Wjechał samochodem na zamarznięte jezioro i pękł pod nim lód. Policja przestrzega
Land rover discovery wjechał na zamarznięte jezioro w gminie Choczewo. Lód pękł i samochód utonął do wysokości dachu. 56-letni kierowca zdążył uciec.
Oficer prasowa Komendy Powiatowej Policji w Wejherowie Anetta Potrykus powiedziała PAP, że do zdarzenia doszło w piątek ok. godz. 9 rano.
"Policjanci z Komisariatu Policji w Gniewinie otrzymali zgłoszenie o zdarzeniu na Jeziorze Choczewskim. Ze zgłoszenia wynikało, że samochód wjechał na taflę lodu, która się pod nim załamała" - dodała Potrykus.
Na miejsce zdarzenia pojechali policjanci. Potwierdzili zgłoszenie.
Okazało się, że 56-letni Gdynianin wjechał samochodem land rover discovery na zamarznięte jezioro. Gdy jechał po lodzie, w pewnym momencie lód się pod nim załamał i samochód zanurzył się w wodzie. Znajdował się wówczas ok. 20 metrów od brzegu.
fot. wejherowo.policja.gov.pl
Gdynianin zdążył uciec z tonącego samochodu i wyszedł na brzeg. Nad taflę wody wystaje jedynie dach auta.
Na miejscu pracują policjanci i ustalają okoliczności zdarzenia.
Policja w Wejherowie przypomina, że "pokrywa lodu na zbiornikach wodnych ulega ciągłym zmianom, również dobowym i nigdy nie ma takiej samej grubości na całym zbiorniku. Dlatego nieprzemyślane korzystanie z uroków zimy może zakończyć się tragicznie".
Co zrobić w przypadku załamania się lodu?

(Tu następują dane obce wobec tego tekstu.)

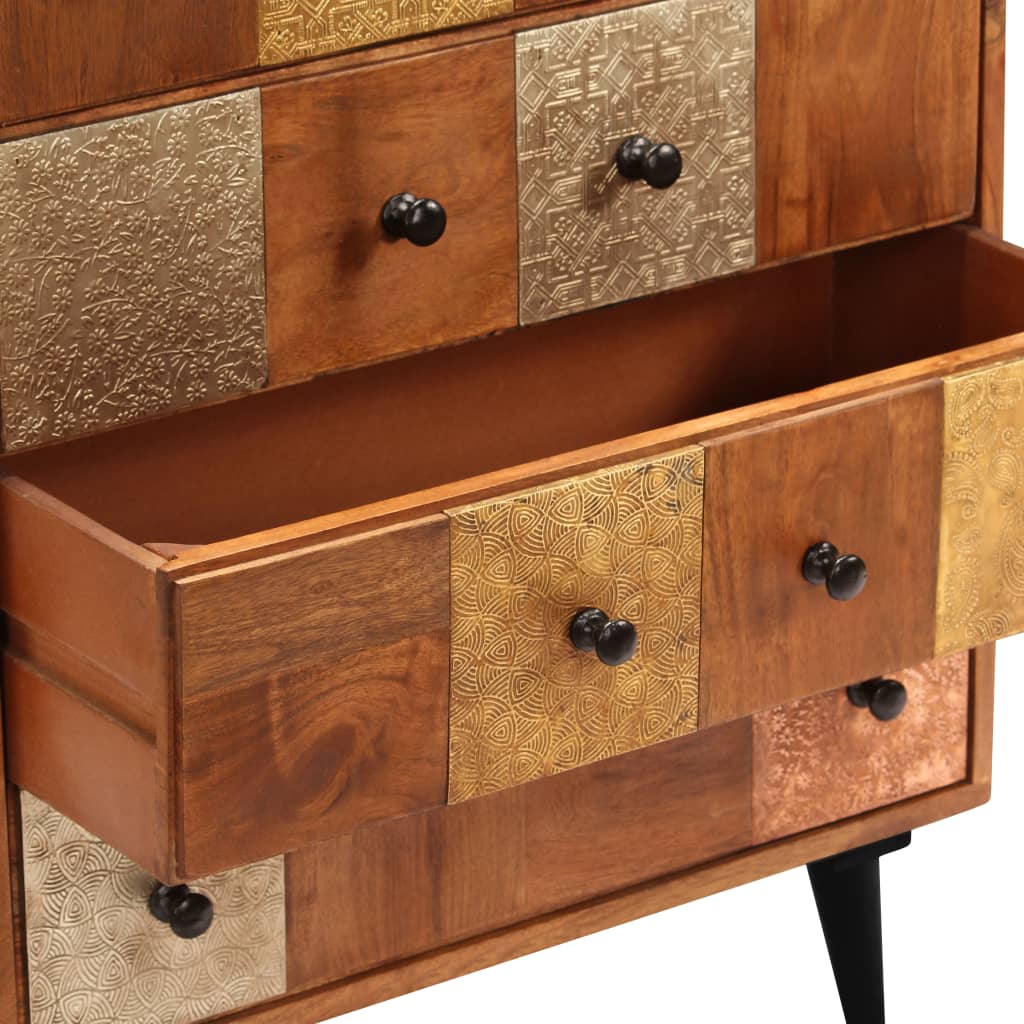 NNEVL Chest of Drawers 60x30x75 cm Solid Acacia Wood-3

"Jeżeli jesteśmy świadkami sytuacji, kiedy pod kimś załamał się lód, należy jak najszybciej wezwać pomoc, dzwoniąc pod numer alarmowy. Posiadając w zasięgu ręki jakąś gałąź lub długi szalik, lub też inny przedmiot, przy pomocy którego możemy pomóc osobie, po którą załamał się lód, możemy spróbować podczołgać się na bezpieczną dla nas odległość i postarać się podać poszkodowanemu drugi koniec" - informuje Policja.